With most hybrid printers you are going to need separate solutions, with one robot loading, and another unloading on the other side. You should also consider the full workflow. It might be more efficient to have a cutting table next to the printer, and for one robot to move the printed boards direct from the printer to the cutting table. Careful placement might also allow you to have the same robot take the printed boards off the press and deposit them on a palette, and then go back and move those boards from palette to cutting table when needed.

Equally, however, you could use robotic palette movers to deliver a palette load of media to the press, and then to take a stack of finished boards to whatever the next finishing process is. Depending on the gripper head in use, they can be used with cutting tables to pick up the items that have been cut out, leaving the waste to be dropped into a bin from a conveyor.

Robotics in use

Inca Digital, now owned by Agfa, has long been a proponent of using robotics to automate the loading and unloading.
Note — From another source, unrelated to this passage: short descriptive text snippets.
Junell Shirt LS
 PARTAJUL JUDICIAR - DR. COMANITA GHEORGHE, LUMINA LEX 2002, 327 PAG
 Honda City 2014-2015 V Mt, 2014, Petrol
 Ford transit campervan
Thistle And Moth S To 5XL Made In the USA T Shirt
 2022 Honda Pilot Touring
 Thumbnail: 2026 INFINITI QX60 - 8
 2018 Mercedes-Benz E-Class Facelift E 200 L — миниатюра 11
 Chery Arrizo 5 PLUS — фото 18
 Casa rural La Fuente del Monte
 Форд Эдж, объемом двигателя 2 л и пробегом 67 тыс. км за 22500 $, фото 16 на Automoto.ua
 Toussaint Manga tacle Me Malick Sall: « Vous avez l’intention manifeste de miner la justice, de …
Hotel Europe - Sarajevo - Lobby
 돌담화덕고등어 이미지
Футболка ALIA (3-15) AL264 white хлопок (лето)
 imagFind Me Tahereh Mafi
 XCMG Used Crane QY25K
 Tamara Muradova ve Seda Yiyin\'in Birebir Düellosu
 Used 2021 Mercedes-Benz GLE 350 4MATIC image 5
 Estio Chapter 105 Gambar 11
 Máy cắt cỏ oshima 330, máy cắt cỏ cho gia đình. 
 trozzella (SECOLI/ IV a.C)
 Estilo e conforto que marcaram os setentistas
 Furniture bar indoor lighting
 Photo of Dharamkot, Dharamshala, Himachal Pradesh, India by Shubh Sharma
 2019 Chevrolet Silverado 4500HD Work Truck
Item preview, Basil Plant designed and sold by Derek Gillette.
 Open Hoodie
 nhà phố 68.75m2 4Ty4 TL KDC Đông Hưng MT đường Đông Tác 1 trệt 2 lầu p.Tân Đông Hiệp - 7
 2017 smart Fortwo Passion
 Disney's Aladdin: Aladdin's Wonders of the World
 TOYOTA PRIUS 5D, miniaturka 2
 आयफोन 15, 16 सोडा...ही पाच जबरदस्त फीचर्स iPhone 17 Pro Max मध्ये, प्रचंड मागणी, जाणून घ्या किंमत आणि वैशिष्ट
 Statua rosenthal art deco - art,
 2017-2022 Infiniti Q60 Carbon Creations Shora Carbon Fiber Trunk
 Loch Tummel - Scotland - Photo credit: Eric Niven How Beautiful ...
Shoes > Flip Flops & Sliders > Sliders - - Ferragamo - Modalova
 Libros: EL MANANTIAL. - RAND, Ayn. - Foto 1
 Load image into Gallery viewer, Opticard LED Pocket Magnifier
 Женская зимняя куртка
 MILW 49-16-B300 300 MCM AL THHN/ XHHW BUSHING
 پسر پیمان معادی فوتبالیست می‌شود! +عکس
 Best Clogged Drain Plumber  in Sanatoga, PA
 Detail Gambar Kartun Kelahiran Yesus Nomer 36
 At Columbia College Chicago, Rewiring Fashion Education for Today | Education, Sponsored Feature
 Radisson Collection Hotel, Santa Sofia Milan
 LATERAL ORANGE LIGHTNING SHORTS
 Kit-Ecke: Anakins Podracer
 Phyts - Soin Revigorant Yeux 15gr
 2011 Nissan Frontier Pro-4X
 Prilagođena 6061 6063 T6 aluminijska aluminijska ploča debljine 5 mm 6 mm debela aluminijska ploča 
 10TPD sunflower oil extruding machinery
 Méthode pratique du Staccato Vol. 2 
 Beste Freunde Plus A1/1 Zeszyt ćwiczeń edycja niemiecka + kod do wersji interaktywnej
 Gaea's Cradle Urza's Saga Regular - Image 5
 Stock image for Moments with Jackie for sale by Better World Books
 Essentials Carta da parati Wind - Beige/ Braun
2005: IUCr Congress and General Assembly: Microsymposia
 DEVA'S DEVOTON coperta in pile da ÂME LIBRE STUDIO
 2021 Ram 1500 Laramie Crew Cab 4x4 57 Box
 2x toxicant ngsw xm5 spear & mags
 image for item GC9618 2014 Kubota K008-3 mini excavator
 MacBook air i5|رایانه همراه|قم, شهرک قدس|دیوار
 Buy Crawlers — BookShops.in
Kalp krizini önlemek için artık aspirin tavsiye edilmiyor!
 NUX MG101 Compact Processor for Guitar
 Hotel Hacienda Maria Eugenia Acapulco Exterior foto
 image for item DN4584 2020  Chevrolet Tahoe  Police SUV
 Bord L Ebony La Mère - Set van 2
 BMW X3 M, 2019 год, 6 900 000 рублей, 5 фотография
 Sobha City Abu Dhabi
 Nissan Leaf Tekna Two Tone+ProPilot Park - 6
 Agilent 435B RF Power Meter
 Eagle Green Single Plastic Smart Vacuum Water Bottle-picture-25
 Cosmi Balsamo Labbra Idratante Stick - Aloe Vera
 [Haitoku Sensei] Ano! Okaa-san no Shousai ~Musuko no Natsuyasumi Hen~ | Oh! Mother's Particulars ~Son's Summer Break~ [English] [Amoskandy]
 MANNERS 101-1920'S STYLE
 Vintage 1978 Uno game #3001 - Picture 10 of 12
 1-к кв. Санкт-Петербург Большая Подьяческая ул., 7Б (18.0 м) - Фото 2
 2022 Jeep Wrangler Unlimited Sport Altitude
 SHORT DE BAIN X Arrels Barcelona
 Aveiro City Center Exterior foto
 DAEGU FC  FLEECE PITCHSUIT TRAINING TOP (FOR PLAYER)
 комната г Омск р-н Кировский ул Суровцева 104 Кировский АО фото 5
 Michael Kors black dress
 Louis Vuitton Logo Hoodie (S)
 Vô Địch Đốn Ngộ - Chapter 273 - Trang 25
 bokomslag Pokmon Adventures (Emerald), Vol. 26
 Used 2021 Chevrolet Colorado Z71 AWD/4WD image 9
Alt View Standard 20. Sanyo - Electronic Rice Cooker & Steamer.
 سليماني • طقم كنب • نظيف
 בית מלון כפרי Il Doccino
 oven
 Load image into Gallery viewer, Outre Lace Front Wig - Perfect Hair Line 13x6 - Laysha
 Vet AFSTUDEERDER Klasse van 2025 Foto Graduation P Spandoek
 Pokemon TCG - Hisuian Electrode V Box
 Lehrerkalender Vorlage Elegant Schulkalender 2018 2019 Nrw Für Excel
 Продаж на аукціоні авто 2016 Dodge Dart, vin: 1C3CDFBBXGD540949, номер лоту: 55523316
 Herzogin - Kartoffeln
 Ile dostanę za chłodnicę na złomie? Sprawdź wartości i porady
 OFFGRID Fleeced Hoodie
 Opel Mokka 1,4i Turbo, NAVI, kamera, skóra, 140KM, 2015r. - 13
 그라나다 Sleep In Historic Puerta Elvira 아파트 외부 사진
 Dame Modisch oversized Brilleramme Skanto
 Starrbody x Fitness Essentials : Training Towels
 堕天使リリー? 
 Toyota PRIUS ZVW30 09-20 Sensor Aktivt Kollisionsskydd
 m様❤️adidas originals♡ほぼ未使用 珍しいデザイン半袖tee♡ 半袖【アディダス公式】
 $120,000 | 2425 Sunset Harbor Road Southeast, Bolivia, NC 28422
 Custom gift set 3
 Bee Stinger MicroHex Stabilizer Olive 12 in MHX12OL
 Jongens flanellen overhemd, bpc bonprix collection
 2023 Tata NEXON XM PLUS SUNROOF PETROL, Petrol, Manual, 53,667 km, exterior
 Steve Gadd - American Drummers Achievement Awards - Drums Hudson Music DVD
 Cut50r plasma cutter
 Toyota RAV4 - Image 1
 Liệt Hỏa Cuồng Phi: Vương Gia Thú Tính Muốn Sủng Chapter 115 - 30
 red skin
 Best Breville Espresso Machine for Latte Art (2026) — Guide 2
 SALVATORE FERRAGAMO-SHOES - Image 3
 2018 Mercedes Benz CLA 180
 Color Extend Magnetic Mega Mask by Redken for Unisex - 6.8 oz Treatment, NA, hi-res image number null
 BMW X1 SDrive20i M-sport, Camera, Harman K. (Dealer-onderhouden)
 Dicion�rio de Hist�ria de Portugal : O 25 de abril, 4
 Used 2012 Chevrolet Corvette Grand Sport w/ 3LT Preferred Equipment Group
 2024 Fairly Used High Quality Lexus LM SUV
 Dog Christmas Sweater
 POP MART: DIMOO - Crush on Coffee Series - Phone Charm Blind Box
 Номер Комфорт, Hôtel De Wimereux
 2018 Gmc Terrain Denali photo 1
Agfa has embraced this since acquiring Inca, showing off twin robots, which it calls Max Bots, for fully automated loading for its Tauro XUHS at the recent Fespa Global show in Berlin, as well as on the latest generation of the Onset Panthera flatbed.

The latest incarnation of the Onset flatbed series is this Panthera FB3216 with automated unloading.

Durst also has developed a robotic solution for its P5 family of wide format hybrid presses. These are mainly used with the P5 350 HS printer, which has the print speed to benefit from the robotic boost to productivity and therefore to justify the investment cost. The full solution involves two robots either side of the printer, one for feeding and one for stacking printed jobs.

Durst’s P5 Robotics system is based around two Kuka robotic arms.

The system includes an angled registration station on the side so the robot picks up the sheet from the stack, drops it onto the station and picks it up again, this time knowing exactly where the board is so that it can then place it in exactly the right position on the printer. This mechanical approach to registration enables it to handle thin materials like foil paper as well as cardboard and is faster and more accurate than using a sensor.

Zund demonstrates a cobot from its partner RobotFactory placing sheets on a cutting table.

Zund has partnered with the Danish firm RobotFactory, which develops both standard and customized robot handling solutions. These can be used for loading but also for picking and packing finished objects. As well as industrial robots, RobotFactory also supplies smaller systems, called PortaTables, designed for quick and easy deployment.

Integration and servicing

There are a number of factors that customers should consider. The most obvious of these is the degree of integration needed. In theory, there is nothing to stop a print service provider from working directly with a robotics company and setting up their own automatic loading/ unloading solution. But in practice this is probably best done through the press vendor in order to integrate with their systems, without voiding their warranty. Besides, the press vendors will also have the expertise required for separating and handling the wide range of substrates that most print companies will be using.

These are industrial machines and should be capable of a very long service life. This may be longer than the life of the printer so you should also consider how to repurpose the robots to work with other presses in the future, and who will pick up the cost of any further integration work. You will also need a separate service contract for the robotic solution.

In conclusion, robots are expensive to implement, mainly because of the degree of programming that is required. But as they become more widespread and vendors learn how to better integrate them, then the costs will fall. More importantly, with automation having already tightened up the way that job files move through production, the next major bottleneck is how those jobs physically move through the print factory, from blank media to finished items.